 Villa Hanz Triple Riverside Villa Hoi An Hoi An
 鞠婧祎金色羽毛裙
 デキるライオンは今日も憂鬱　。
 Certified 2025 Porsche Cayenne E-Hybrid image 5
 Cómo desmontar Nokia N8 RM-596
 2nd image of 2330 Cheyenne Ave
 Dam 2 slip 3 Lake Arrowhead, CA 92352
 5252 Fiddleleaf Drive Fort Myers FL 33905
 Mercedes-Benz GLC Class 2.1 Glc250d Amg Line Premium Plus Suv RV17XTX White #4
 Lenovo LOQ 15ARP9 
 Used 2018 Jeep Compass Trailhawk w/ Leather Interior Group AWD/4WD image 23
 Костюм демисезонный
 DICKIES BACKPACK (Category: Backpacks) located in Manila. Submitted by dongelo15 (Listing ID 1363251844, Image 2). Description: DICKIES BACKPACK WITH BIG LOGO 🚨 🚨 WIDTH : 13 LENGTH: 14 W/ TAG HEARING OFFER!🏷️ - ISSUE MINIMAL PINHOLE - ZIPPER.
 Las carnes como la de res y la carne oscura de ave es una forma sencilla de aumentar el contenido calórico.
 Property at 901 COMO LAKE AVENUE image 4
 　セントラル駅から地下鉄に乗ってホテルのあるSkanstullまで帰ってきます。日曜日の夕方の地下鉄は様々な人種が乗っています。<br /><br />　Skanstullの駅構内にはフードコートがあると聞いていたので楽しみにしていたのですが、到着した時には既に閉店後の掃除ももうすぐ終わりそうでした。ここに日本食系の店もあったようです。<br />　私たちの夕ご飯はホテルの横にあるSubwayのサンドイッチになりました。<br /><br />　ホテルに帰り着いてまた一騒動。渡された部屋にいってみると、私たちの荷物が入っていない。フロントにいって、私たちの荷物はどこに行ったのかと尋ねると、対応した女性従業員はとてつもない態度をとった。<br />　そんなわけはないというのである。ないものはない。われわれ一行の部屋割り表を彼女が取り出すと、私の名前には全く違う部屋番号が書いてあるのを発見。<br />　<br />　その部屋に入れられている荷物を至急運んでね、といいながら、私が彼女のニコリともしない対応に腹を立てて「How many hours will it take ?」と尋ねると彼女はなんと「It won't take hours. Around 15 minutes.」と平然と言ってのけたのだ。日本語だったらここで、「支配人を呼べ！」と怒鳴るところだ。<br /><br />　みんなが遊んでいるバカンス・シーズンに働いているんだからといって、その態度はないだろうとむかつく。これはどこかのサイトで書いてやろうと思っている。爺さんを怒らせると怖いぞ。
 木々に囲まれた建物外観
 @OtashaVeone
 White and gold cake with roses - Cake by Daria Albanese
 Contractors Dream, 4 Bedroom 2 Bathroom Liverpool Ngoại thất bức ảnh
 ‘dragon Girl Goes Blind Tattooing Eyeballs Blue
- - -
• **Instructions to follow**
All lines of the records above that contain the word "White" are to be copied out.

• **Expected answer**
 Mercedes-Benz GLC Class 2.1 Glc250d Amg Line Premium Plus Suv RV17XTX White #4
 White and gold cake with roses - Cake by Daria Albanese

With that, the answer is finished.